Domain-based Message Authentication, Reporting and Conformance (DMARC) is a technical specification designed to reduce the potential for email-based abuse by solving operational, deployment and reporting issues related to email authentication protocols. DMARC ensures that legitimate email is properly authenticated against established DomainKeys Identified Mail (DKIM) and Sender Policy Framework (SPF) standards, and that fraudulent activity appearing to come from domains under your organization's control (active sending domains, non-sending domains and defensively registered domains) is blocked.

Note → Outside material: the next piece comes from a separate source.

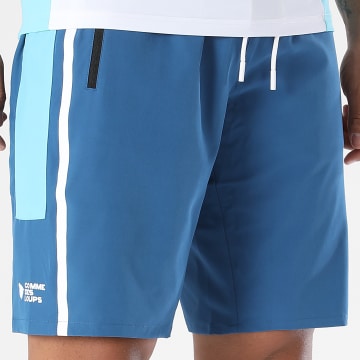 Comme Des Loups - Calção de treino A Banda Master Azul Marinho Azul Claro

DMARC is the first widely deployed technology that can make the Header From (which is visible in email clients) trustworthy. Two key values of it are domain alignment and reporting.

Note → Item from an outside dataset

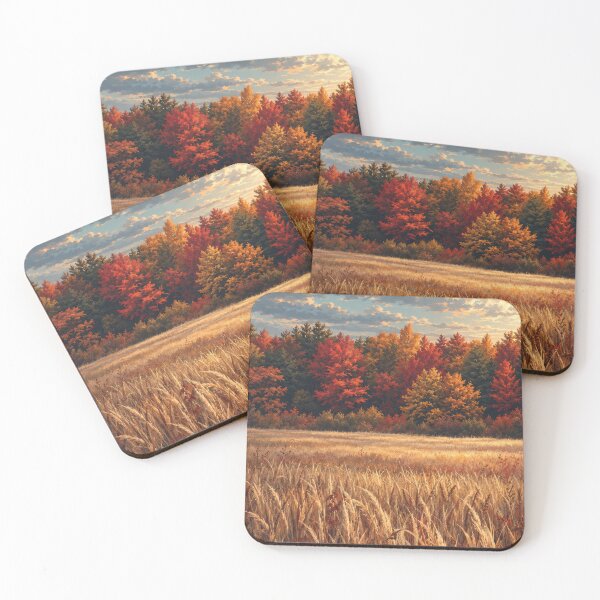 Item preview, Golden Autumn Field – Warm Fall Landscape designed and sold by H-Tsvetkova.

DMARC's alignment feature prevents spoofing of the header From address by:
- Matching the header From domain name with the envelope From domain name used during an SPF check
- Matching the header From domain name with the d= domain name in the DKIM signature
To pass DMARC, your email must pass either or both of the following:
- SPF authentication and SPF alignment
- DKIM authentication and DKIM alignment
A message will fail DMARC if it fails both SPF and SPF alignment and DKIM and DKIM alignment.

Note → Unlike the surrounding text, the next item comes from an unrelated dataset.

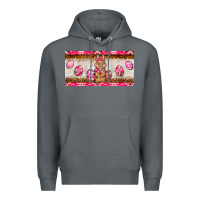 Rock pink camouflage egg hunter bunny   license plate Premium Hoodie - BarkalooDesign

DMARC allows you to instruct mailbox providers on how to handle unauthenticated email through a DMARC policy, which removes any guesswork on how mailbox providers should handle messages that fail DMARC authentication. Through your DMARC policy, you can require mailbox providers to:
- Monitor all mail, to understand your brand's email authentication ecosystem, and to ensure that legitimate mail is authenticating properly without interfering with the delivery of messages that fail DMARC.
- Quarantine messages that fail DMARC (for example, move them to the spam folder).
- Reject messages that fail DMARC (for example, do not deliver the mail at all).
Mailbox providers send regular DMARC aggregate and forensic reports back to senders, giving you visibility into what messages are authenticating, what messages are not and why.